Given data START
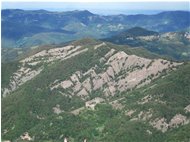  Una zoomata sul Monte Pianetto - Savignone - 2011 - Panorami - Estate - Voto: Non  - Last Visit: 25/6/2022 3.7.52 
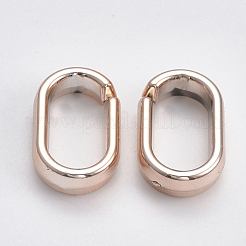 CCB Plastic Linking Ring&nbsp;X-OACR-T008-12RG
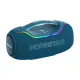 Колонка Bluetooth HOPESTAR A80 ULTRA with 1pc micrphone 650W Blue mag-2000001682326153910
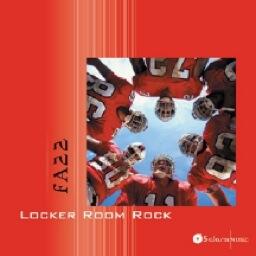 Locker Room Rock
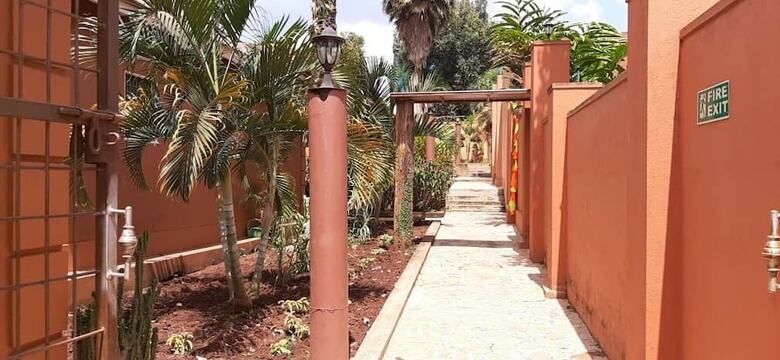 Northroad Governor Villas Hotel
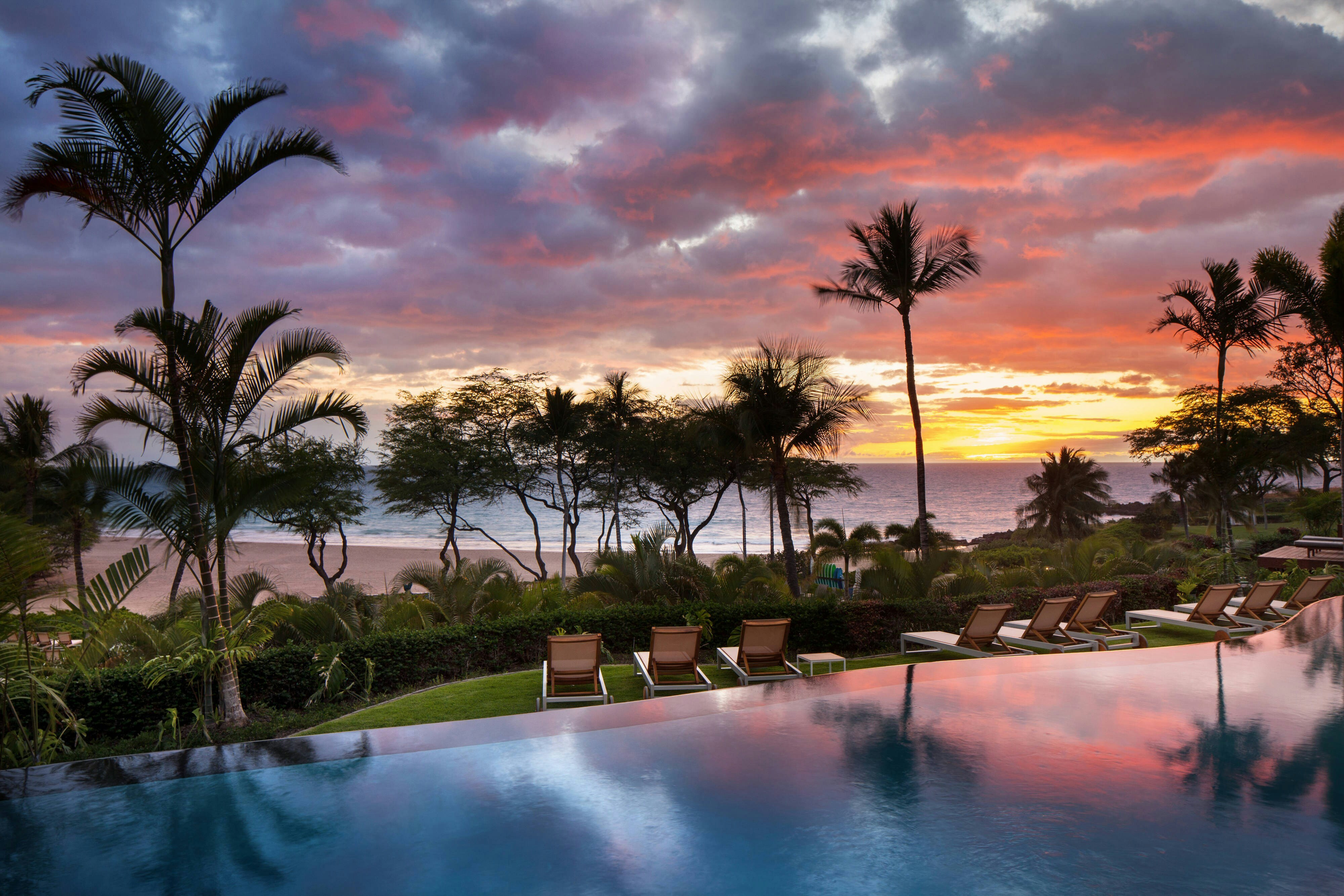 The Westin Hapuna Beach Resort 71/74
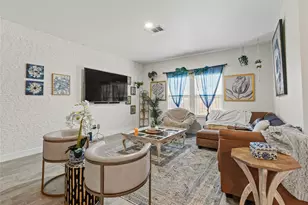 11321 Pecan Crk Dr, Providence Village, TX 76227 - Photo 13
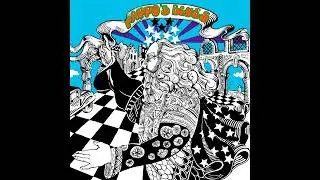 Sucio Y Desprolijo (Pista Bajo y Bateria) - Pappo's Blues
Given data END
What you have to do: Using the data above, write out every line exactly, leaving the images behind.

Solution to the problem:
  Una zoomata sul Monte Pianetto - Savignone - 2011 - Panorami - Estate - Voto: Non  - Last Visit: 25/6/2022 3.7.52 
 CCB Plastic Linking Ring&nbsp;X-OACR-T008-12RG
 Колонка Bluetooth HOPESTAR A80 ULTRA with 1pc micrphone 650W Blue mag-2000001682326153910
 Locker Room Rock
 Northroad Governor Villas Hotel
 The Westin Hapuna Beach Resort 71/74
 11321 Pecan Crk Dr, Providence Village, TX 76227 - Photo 13
 Sucio Y Desprolijo (Pista Bajo y Bateria) - Pappo's Blues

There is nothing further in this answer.